ABSTRACT

Stated initially, and therefore over-simply, I seek to show in this book how, in cases of a more or less serious breach of the norms of social behaviour, the people involved attempt to reach a settlement of the subsequent dispute. In any society there must, by definition, exist regularised procedures which can be used to deal with alleged breaches of norms and the injuries they cause: there must be ways by which it can be established whether in fact a breach has occurred, and what is the extent of the injuries; and there must be means of determining and enforcing decisions which provide a settlement of the dispute, and perhaps also means which tend to prevent recurrence of the matter. In some societies, of course, the principal means to these ends are contained in the complex of political authorities, police, courts, judges, lawyers and codes of law—in other words, the judicial component of organised government.
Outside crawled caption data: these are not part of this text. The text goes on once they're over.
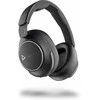 „Poly Voyager Surround 80 UC“ USB-C ausinės + USB-C/A adapteris, sertifikuotas „Microsoft Teams“ (8G7U0AA)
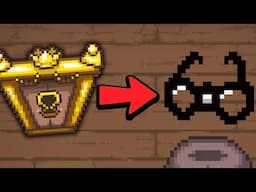 This Rare Start Was INSANELY Lucky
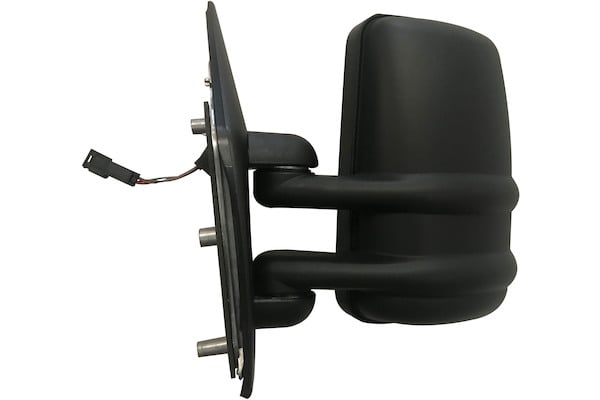 Specchietto Retrovisore per Renault Master 1998-2003 Elettrico Sinistro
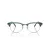 Ray-Ban Clubmaster Gafas Graduadas RX 5154 8377_53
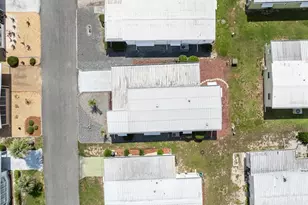 [Address not provided], Leesburg, FL 34788 - Photo 41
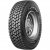 Jinyu JD575 315/70 R22.5 156/150L PR18 Ведущая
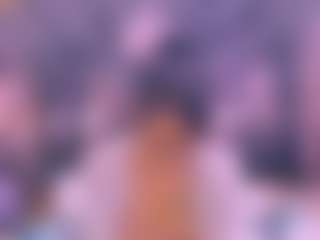 Chanel's Live Sex Cam Show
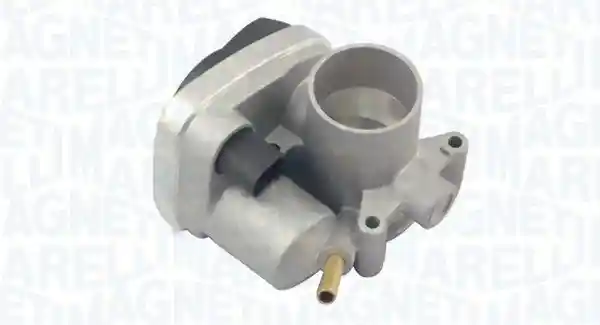 MAGNETI MARELLI 802000000027 MAGNETI MARELLI 802000000027
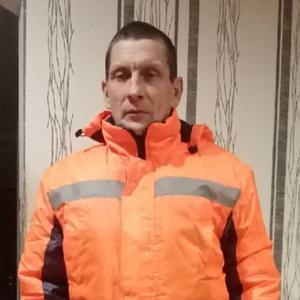 Дмитрий, 43 года, Жигулевск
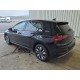 2025 Volkswagen Golf VIII Lim. 1.5 eTSI 110 kW Goal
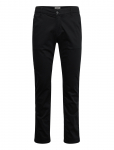 Lindbergh Black - 1927: Cashmere Touch Superflex Chino Pants - Chino-p&uuml;ksid - 38 x 32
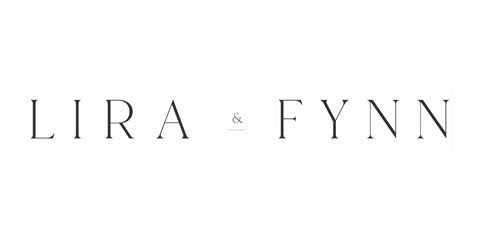 Lira & Fynn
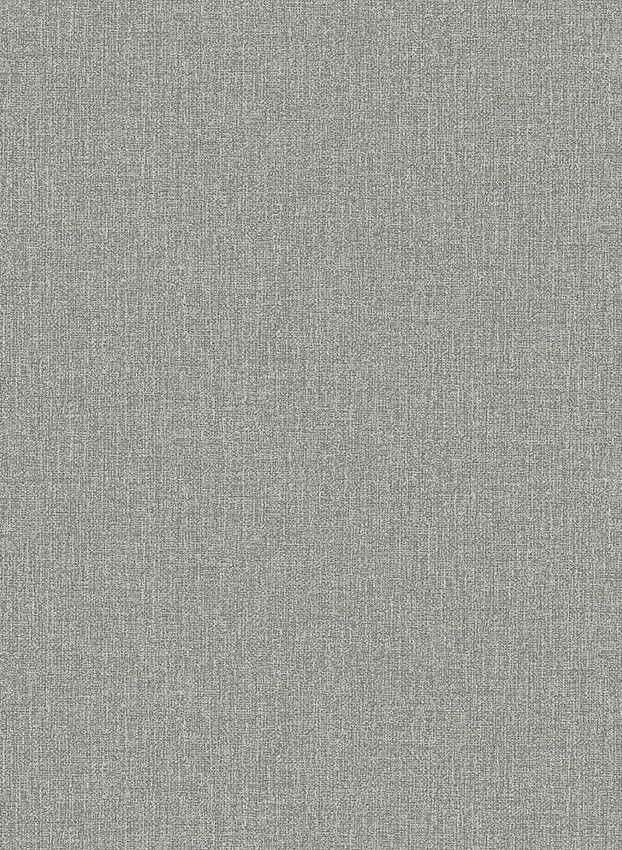 Tapete Weavers Wall - 3565
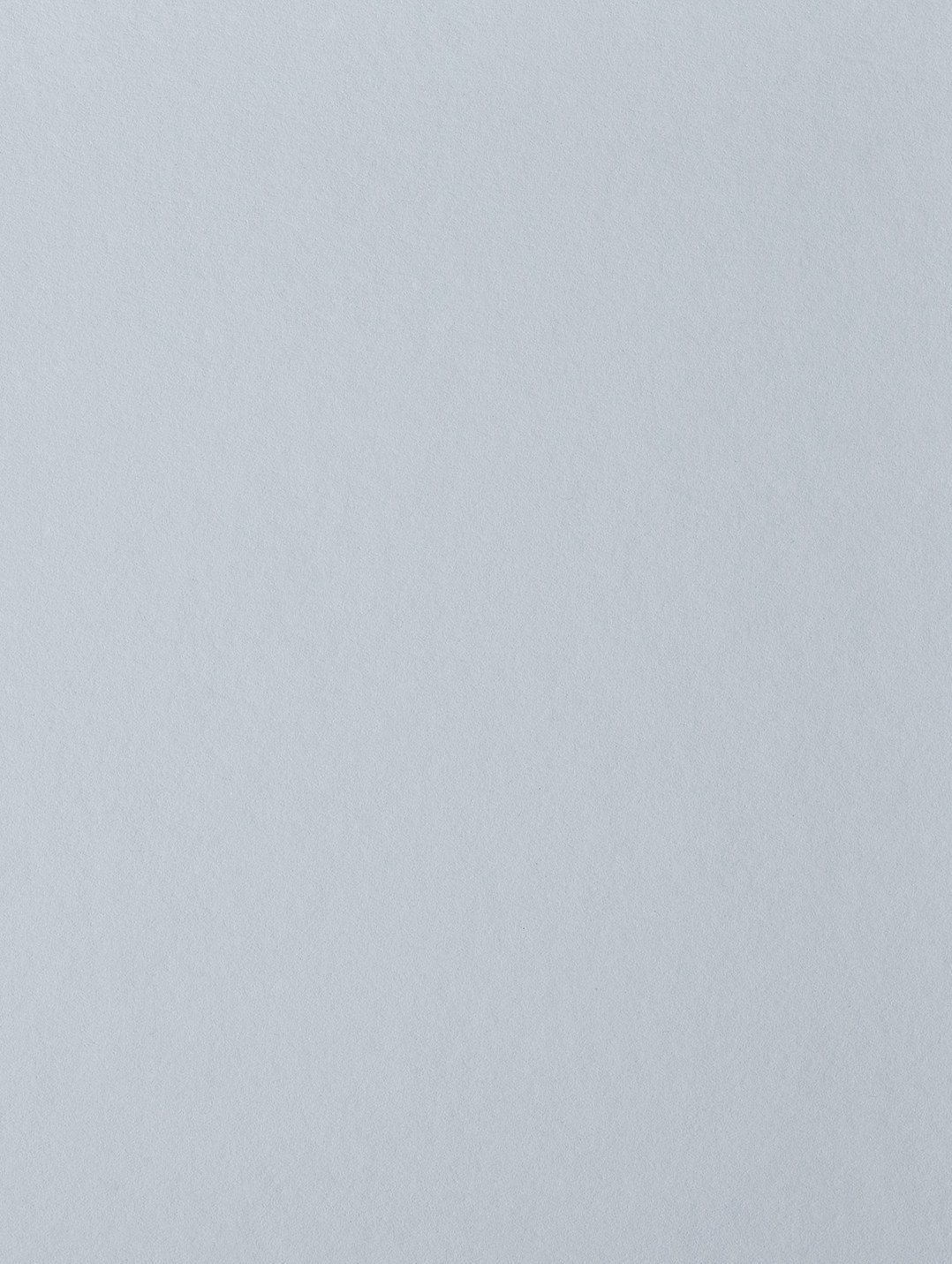 Colorplan Cool Blue paper swatch — cool blue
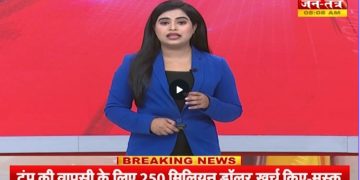 Corona new variant : कोरोना का नया वैरिएंट 27 राज्यों में फैला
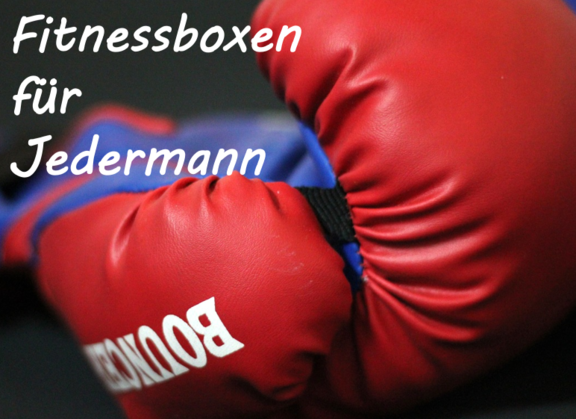 pixabay.com Fitnessboxen.png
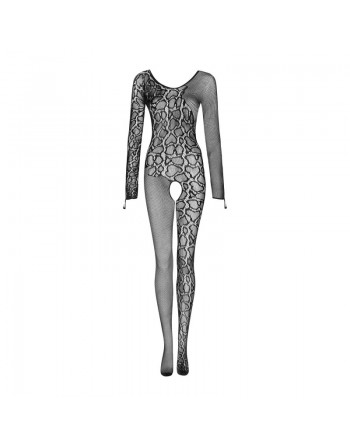 G326 bodystocking 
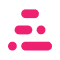 Stonly logo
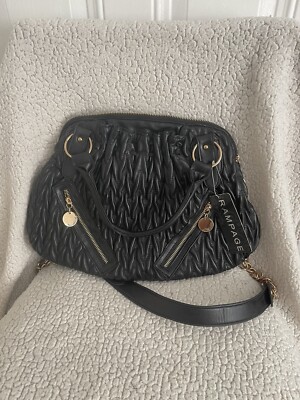 未開封　*p(R)ojectR®　2way Bag　RAMPAGE　ランペ s-l400.jpg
In indigenous Arusha society there was no such government, and hence no established and specialised judicial system. Arusha dispute processes, as part of the wider political system, are to be discovered only by an examination of more general social roles, relationships and group activities. When one person is alleged to have committed an injury against another—when, therefore, the two persons come into dispute—the significant jural factors are not only the kind of injury involved, but the social relationship between the two persons and the position of each in the structure of his society. By position here, I mean primarily the social status of each person, and the various groups to which he belongs. Especially are the groups important, because it is very largely through them that an Arusha has access to the ability and power to take jural action, there being no traditional institutionalised authority existing over and above these groups to exercise regulatory coercion and judicial competence.